**YOUR TASK**
Exactly the lines from the line containing "property at 2812 Oakvale Falls Dr" through the final line of the entries below must be returned, and only those, without pictures.

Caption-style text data
BEGIN
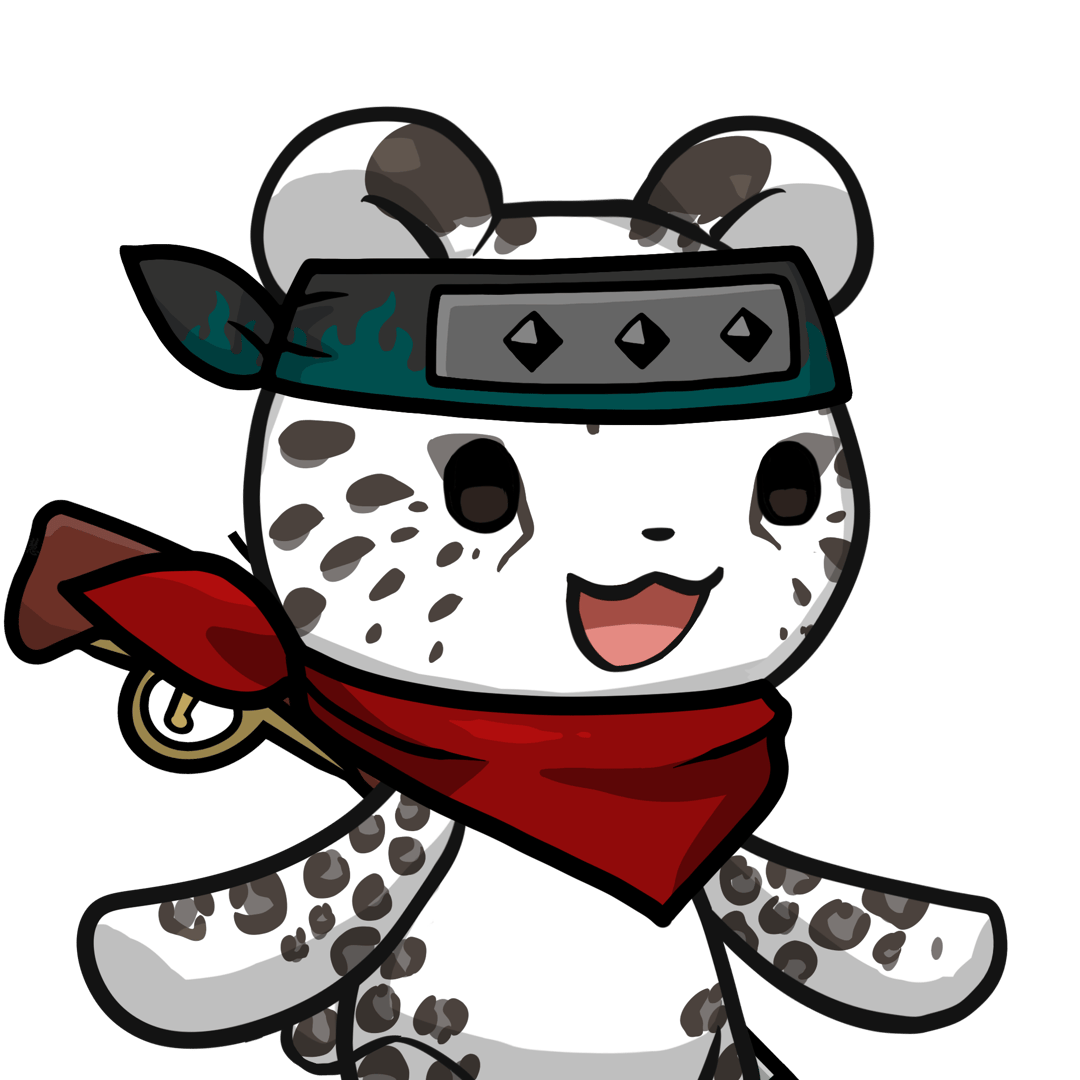 Leelee-Snow leopard #11492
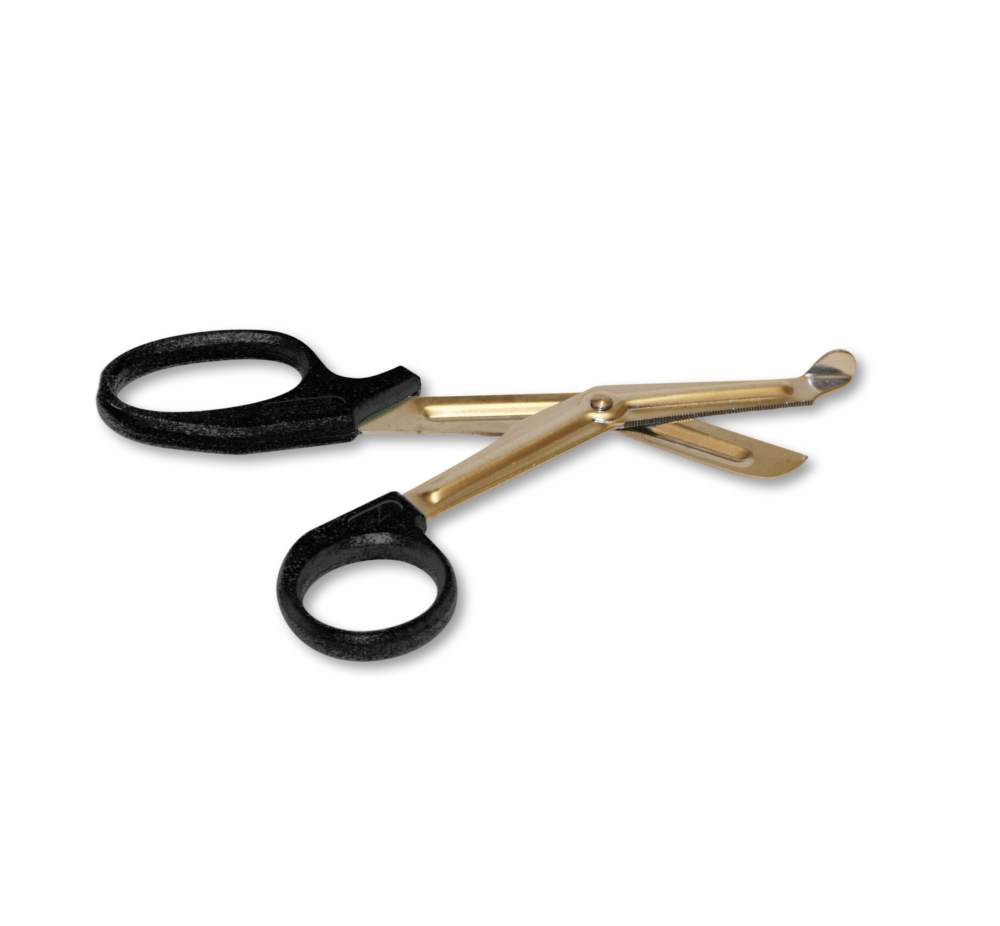 Stor förbandssax 4805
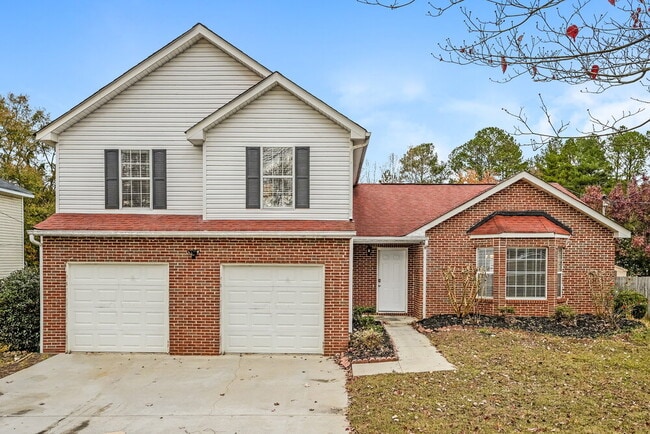property at 2812 Oakvale Falls Dr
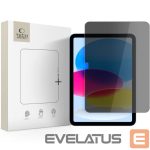 Muud kaubad Tech-Protect  Tech-Protect Glass Spy+ Privacy Glass for iPad 10.9” 2022 / iPad 11” 2025 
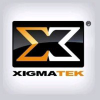 Xigmatek.com logo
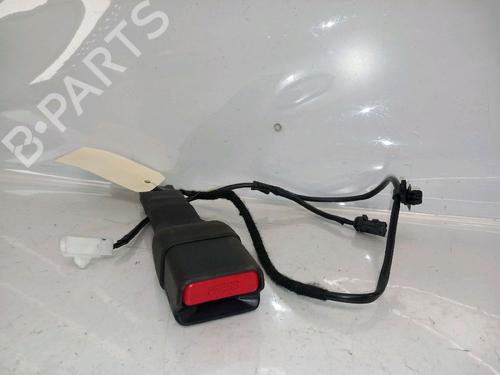 Used Seat buckle Seat buckle 30431509 30431509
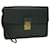 LOUIS VUITTON Taiga Pochette Kourad Clutch Bag Epicea M30194 LV Auth th3668 Leather  ref.943008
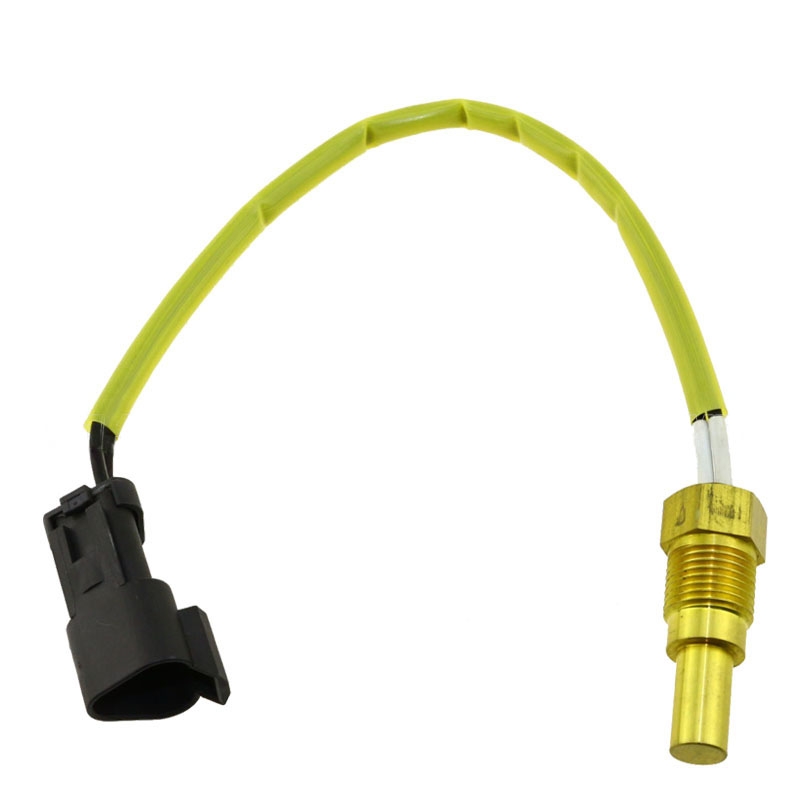 Direkter Ersatz für Komatsu Radlader WA800 WA900 - Wassertemperatursensor 7861-93-3520 7861933520 WA800,WA900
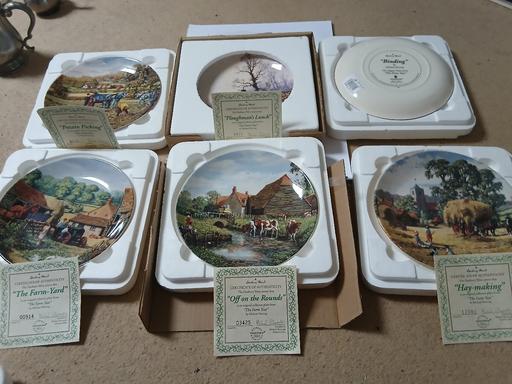 Buy & Sell Kent Thanet - Photos for VINTAGE WEDGWOOD 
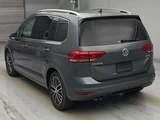 2019 Volkswagen Golf Touran TDI Sedan for sale, Japanese used car export - photo 8 of 9 | GULJI TRADERS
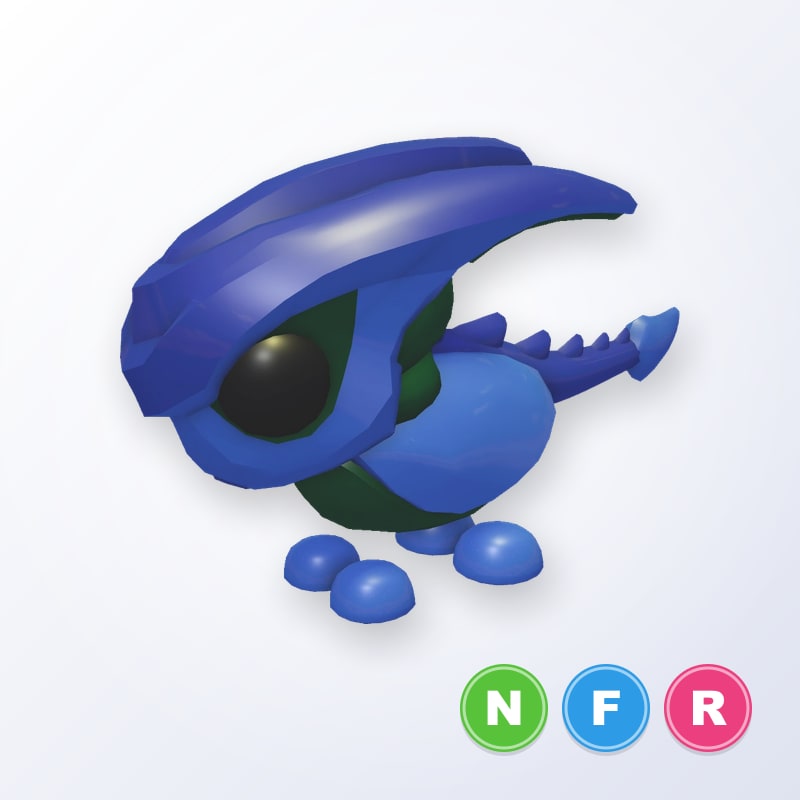Zeopod NFR | Adopt Me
END
**FINAL ANSWER**
property at 2812 Oakvale Falls Dr
 Muud kaubad Tech-Protect  Tech-Protect Glass Spy+ Privacy Glass for iPad 10.9” 2022 / iPad 11” 2025 
 Xigmatek.com logo
 Used Seat buckle Seat buckle 30431509 30431509
 LOUIS VUITTON Taiga Pochette Kourad Clutch Bag Epicea M30194 LV Auth th3668 Leather  ref.943008
 Direkter Ersatz für Komatsu Radlader WA800 WA900 - Wassertemperatursensor 7861-93-3520 7861933520 WA800,WA900
 Buy & Sell Kent Thanet - Photos for VINTAGE WEDGWOOD 
 2019 Volkswagen Golf Touran TDI Sedan for sale, Japanese used car export - photo 8 of 9 | GULJI TRADERS
Zeopod NFR | Adopt Me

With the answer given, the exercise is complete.